Le nombre de cartouches que vous exigez peut être diminué
de trois millions lorsqu'il y a de la poudre et des boulets dans les places, et
l'on peut ne confectionner ces trois millions que selon les besoins.
Les cent mille coups de canon me paraissent suffisants,
vu qu'il y a de la poudre et des boulets, et que d'ailleurs un grand approvisionnement
doit exister à Bayonne, soit pour les cas fortuits, soit pour l'expédition de
Lisbonne, qui exigerait alors tout autre calcul.
On peut aussi économiser en organisant différemment
l'artillerie de l'armée d'Aragon. On suppose qu'elle comprend quatre divisions,
avec douze pièces par division et deux divisions de réserve; une pièce de 8, un
obusier et quatre pièces de 4 formeront une division d'artillerie. Le
commandant de l'artillerie sera le maître d'organiser les divisions paires avec
deux pièces de 8 et quatre pièces de 4, et les divisions impaires avec deux
obusiers et deux pièces de 4; ce qui ferait pour huit divisions huit pièces de
8, huit obusiers et trente-deux pièces de 4. Les deux divisions de la réserve
seraient composées chacune de trois pièces de 12, de deux obusiers et d'une
pièce de 4; ce qui ferait pour l'armée d'Aragon six pièces de 12, douze
obusiers et trente-quatre pièces de 4.
Pour l'armée de Portugal, il y a quatre ou six pièces de
régiment; elles devraient compter. Les divisions devraient être formées de
même. Cette armée ayant six divisions, cela ferait douze obusiers, douze pièces
de 8 et quarante-huit pièces de 4; deux divisions de réserve seraient composées
chacune de quatre pièces de 12, de deux obusiers; ce qui ferait huit pièces de
12, douze pièces de 8, seize obusiers et quarante-huit pièces de 4.
Le corps d'observation de réserve, formé à quatre
divisions, aurait son matériel organisé de la même manière que celui d'Aragon,
hormis que les deux divisions de réserve auraient chacune quatre pièces de 12
et deux obusiers. Je désirerais que les quatre obusiers de la réserve fussent
des obusiers prussiens ou des licornes, qui portent plus loin. Ainsi l'armée de
Portugal et celle de réserve venant à agir sur Lisbonne auraient seize pièces
de 12 et un grand nombre d'obusiers. L'armée d'Aragon agissant sur Valence
aurait aussi besoin de six pièces de 12. En général, les pièces de 12 sont très
nécessaire en Espagne, puisqu'on s'y défend dans des bicoques et, par exemple, Abrantès
aurait été pris si l'armée de Portugal avait eu des pièces de 12 et des
obusiers.
C'est sur ces données que vous devez m'organiser les
équipages. L'artillerie de l'armée de Portugal doit, ce me semble, être
organisé avec l'artillerie qu'elle a et ce qui est à Madrid.

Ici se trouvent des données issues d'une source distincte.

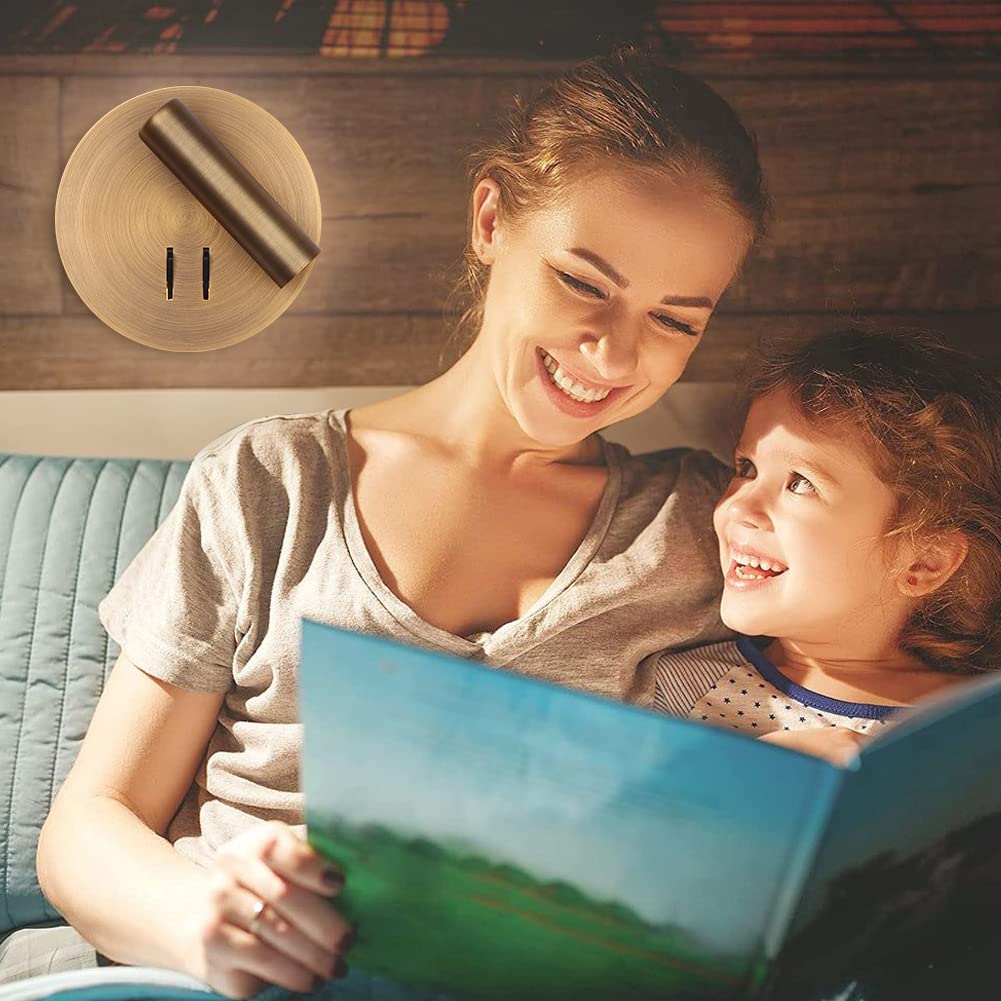 Wall Mount Reading Light for Bed, Backlight Night Wall Lamp, Hardwired Sconce with Switch, Adjustable Wall Sconce Surface Mount Book Reading Lamp,LED Wall Lighting for Bedroom Bedside Lamps (Bronze)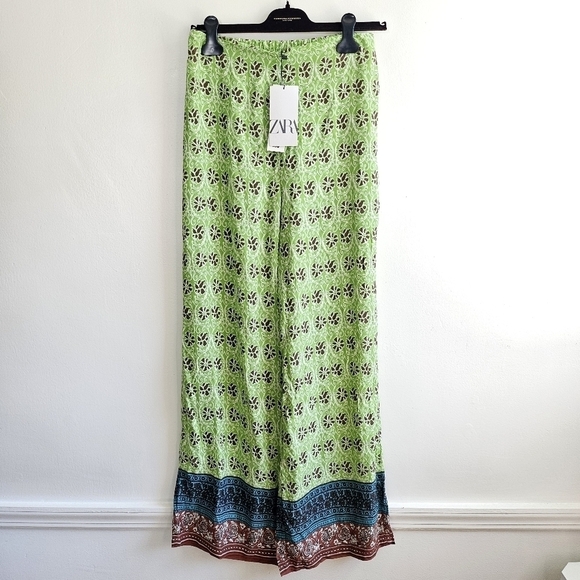 New Zara Full Length Printed High Waist Wide Leg Boho Green Pants NWT - Picture 10 of 13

Ainsi je suppose que j'économiserai des chevaux et des
caissons par cette nouvelle organisation, mais ces chevaux et ces caissons, je
veux les retrouver pour former un grand parc, sous le titre de parc général,
qui partira de Bayonne pour approvisionner l’armée de Portugal si elle prenait
l'offensive. Dans ce parc général il faudra faire entrer les agrès nécessaires
pour un équipage de pont sur le Tige, les outils de mineurs, etc. ; mais, comme
ces opérations ne se décideront qu'autant qu'on sera parfaitement tranquille
sur le Nord, on pourra employer un, deux ou trois des bataillons du train
destinés aujourd'hui pour le Nord, sauf à les remplacer par les quinze cadres
qui sont à Metz et à Mayence et que vous compléteriez pendant l'hiver. Ainsi
les attelages seraient trouvés pour le parc général, qui devrait contenir un
approvisionnement complet en cartouches d'infanterie el de canon pour les
équipages de l’armée de Portugal el surtout pour les obus et les pièces de 12.